When the major was asked how he knew removing the food vendors would put an end to the riots, his answer was, “understanding habits.” The food vendors attracted people; crowds would gather and after they ate, the socializing became hostile. By removing one simple aspect, he broke the chain of events and broke the cycle that led to the riots.
You can break your bad habits with the same strategy. Charles Duhigg, author of The Power of Habit, explains the three key stages of habit-formation:
The cue: This is the trigger that initiates the behavior, which becomes the habit. It could be a time of day when you drive past the donut shop or a social-media notification that leads you to procrastination.
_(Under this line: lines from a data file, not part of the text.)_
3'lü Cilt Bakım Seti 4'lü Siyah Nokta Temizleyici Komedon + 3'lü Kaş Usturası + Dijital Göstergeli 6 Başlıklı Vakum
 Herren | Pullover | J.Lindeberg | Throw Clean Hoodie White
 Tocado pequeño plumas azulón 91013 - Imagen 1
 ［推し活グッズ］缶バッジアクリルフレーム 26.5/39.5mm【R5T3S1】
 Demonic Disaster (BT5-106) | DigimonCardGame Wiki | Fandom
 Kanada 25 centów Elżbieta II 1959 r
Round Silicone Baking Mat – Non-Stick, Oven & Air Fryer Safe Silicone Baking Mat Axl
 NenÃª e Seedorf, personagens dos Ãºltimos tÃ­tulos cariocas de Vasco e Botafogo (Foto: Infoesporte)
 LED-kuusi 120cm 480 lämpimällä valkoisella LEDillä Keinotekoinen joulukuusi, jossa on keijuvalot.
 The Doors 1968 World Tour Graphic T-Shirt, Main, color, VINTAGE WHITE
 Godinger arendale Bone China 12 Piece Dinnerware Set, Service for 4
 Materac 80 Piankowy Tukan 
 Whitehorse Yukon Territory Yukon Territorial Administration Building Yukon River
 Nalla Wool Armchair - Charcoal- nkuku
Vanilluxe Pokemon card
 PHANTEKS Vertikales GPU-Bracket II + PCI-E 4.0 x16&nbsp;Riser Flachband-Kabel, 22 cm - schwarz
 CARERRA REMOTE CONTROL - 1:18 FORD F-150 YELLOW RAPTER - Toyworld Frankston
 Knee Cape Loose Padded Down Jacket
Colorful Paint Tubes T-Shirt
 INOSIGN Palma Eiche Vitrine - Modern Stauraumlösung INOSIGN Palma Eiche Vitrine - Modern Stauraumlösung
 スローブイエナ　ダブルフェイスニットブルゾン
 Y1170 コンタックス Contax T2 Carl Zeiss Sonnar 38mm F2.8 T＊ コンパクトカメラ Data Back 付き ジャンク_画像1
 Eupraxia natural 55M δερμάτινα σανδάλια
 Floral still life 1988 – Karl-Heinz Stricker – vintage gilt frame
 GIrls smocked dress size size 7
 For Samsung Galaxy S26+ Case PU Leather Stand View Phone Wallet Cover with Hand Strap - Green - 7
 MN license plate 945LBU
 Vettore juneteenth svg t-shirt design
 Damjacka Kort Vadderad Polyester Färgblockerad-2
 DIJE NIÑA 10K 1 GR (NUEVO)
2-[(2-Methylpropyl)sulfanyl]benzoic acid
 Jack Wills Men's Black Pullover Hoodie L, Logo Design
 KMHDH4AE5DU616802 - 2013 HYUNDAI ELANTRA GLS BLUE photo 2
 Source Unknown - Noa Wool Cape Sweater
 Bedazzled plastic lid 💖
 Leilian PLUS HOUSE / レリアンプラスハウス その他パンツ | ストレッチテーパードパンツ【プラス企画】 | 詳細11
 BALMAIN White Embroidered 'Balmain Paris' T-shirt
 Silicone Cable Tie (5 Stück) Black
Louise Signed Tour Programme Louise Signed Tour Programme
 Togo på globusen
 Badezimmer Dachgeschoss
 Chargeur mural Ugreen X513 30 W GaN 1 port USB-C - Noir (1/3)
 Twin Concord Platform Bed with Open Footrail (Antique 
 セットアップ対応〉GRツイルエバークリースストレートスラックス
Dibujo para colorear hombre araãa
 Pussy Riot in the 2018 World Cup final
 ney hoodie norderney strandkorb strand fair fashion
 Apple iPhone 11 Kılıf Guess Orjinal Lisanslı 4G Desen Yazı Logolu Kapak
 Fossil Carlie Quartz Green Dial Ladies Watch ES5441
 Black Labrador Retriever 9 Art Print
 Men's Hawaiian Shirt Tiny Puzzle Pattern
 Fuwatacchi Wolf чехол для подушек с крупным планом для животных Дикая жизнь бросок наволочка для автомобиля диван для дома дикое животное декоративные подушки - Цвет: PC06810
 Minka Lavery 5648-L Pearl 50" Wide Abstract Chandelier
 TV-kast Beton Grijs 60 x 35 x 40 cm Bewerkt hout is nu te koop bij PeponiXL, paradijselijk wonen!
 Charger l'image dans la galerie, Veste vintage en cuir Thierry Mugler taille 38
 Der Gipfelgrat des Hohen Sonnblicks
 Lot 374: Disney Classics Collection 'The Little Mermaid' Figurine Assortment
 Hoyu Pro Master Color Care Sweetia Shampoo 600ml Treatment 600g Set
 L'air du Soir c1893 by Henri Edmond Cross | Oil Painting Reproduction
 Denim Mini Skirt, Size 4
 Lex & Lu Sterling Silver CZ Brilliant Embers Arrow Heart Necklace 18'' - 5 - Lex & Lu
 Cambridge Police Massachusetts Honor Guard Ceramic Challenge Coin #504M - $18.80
It is the spark that leads to the routine.
The routine: The routine is the actual behavior. Duhigg gives a personal example — at 3:30 pm each day, he’d look at the clock and get a craving for a cookie. He’d then go to the cafeteria, buy a cookie, and eat it while chatting with co-workers. That was his habitual routine.
The reward: The reward is the release of brain chemicals following your specific routine. This is what reinforces your “bad” behavior. Your brain is experiencing “happy chemicals” even though you’re doing something you want to stop doing.
Related: How to Break a Bad Habit — for Good
Now that we have deconstructed the habit, here are two steps to break them:
Using the three stages of cue, routine and reward, you need to deconstruct your bad habits. Uncover what your triggers are, take a step back and look at the automated routine you’re engaging in, and then realize that you’re giving yourself a false reward.
You need to pinpoint your moments of weakness. This means being honest with yourself. Keep in mind, removing just one of the three key factors can be enough to break down the entire bad habit.
For Duhigg, his real reason for getting the cookie was not that he loved sugar, but simply that he enjoyed chatting with his coworkers. When he realized that he could socialize without buying a cookie, he broke the bad habit.
2. Replace or redeem
Some habits need to be stopped, cold-turkey. Other habits can be replaced with healthier options or redeemed with slight alterations. Rather than snacking on Reese’s Pieces, have some dark chocolate. If you chew on your nails when you are nervous, carry some chewing gum with you. Instead of checking your social media accounts, read an intellectually stimulating article.
Start today. Now that you know the three key stages of habit-formation, you can work on breaking down your bad habits immediately.